Block's foundation continues to be its oldest operating segment, the Square ecosystem. This is the segment that provides point-of-sale solutions, data analytics, and financial solutions to help merchants grow their business. The $54.2 billion in gross payment volume (GPV) registered in the June-ended quarter extrapolates out to nearly $217 billion in annual GPV. It's a far cry from the $6.5 billion in GPV reported in 2012 and demonstrates just how powerful of a growth story digital payments can be.

What's noteworthy about the Square ecosystem's GPV is that it's increasingly coming from larger businesses. The second quarter saw sellers with at least $500,000 in annualized GPV account for 40% of total GPV. That's up five percentage points from the comparable period two years ago. Larger sellers should lead to more transactions, which is ideal for a fee-based operating segment like the Square ecosystem.
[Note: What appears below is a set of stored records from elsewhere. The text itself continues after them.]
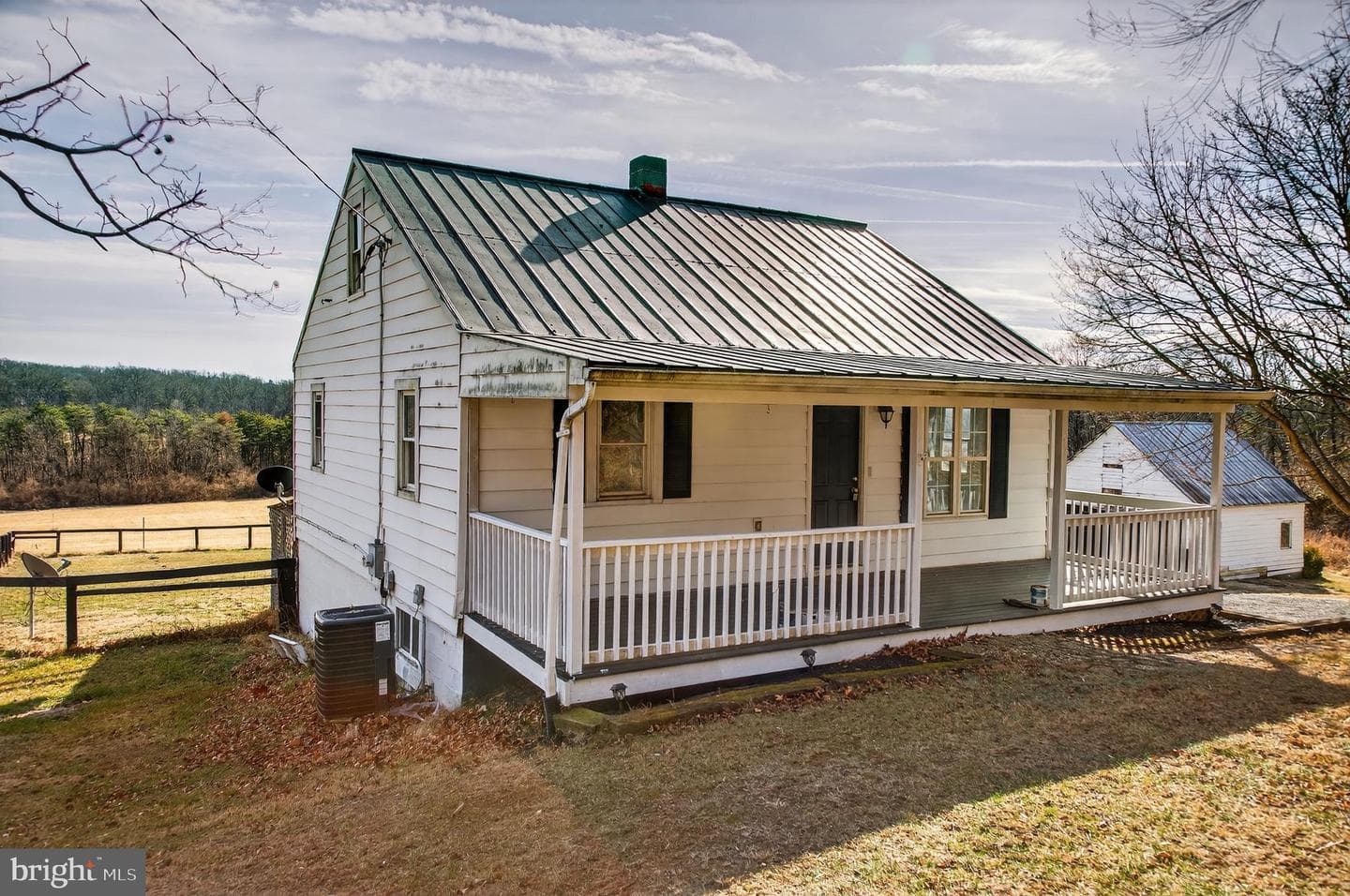 344 Frog Hollow Road photo 2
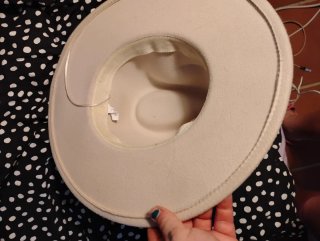 Sombrero Cowboy Blanco con Tachuelas Doradas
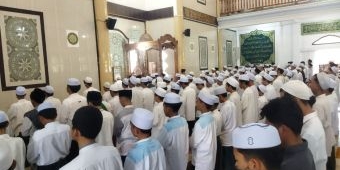 Kiai Asep Pimpin Salat Gaib untuk Korban Banjir Sumatra dan Aceh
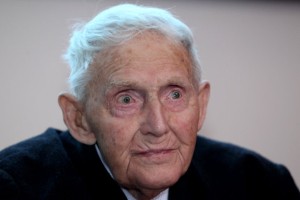 V 108. letu starosti je umrl najstarejši moški preživeli iz koncentracijskih taborišč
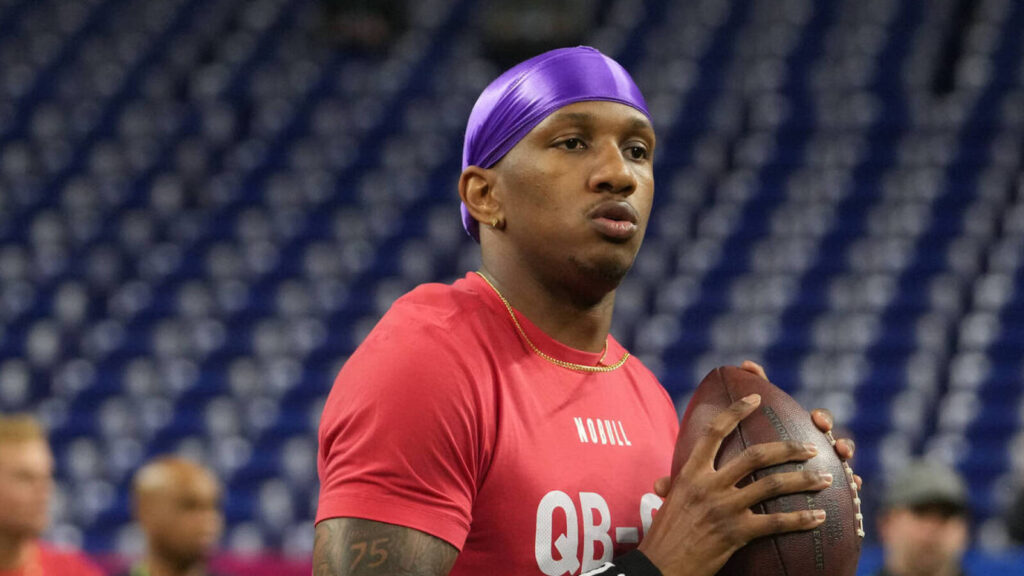 Raiders avoid risky trade and take Heisman finalist in new mock draft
However, Block's future is very much dependent on growth in Cash App. In the past five and a half years, Cash App's monthly active user count has catapulted from around 7 million to 54 million, as of June 2023.  Since the cost to acquire new Cash App users is dwarfed by the gross profit Block generates from each active Cash App user, it's no surprise that Cash App is already producing more gross profit than the Square ecosystem.

Lastly, to stay consistent with the previous unforgettable stocks on this list, Block is historically inexpensive. Whereas it's averaged a multiple of 109 times forward earnings and 191 times operating cash flow over the past five years, shares can be purchased right now for 25 times both forward earnings and consensus cash flow per share in 2024. That's a deal for an industry-leading fintech company.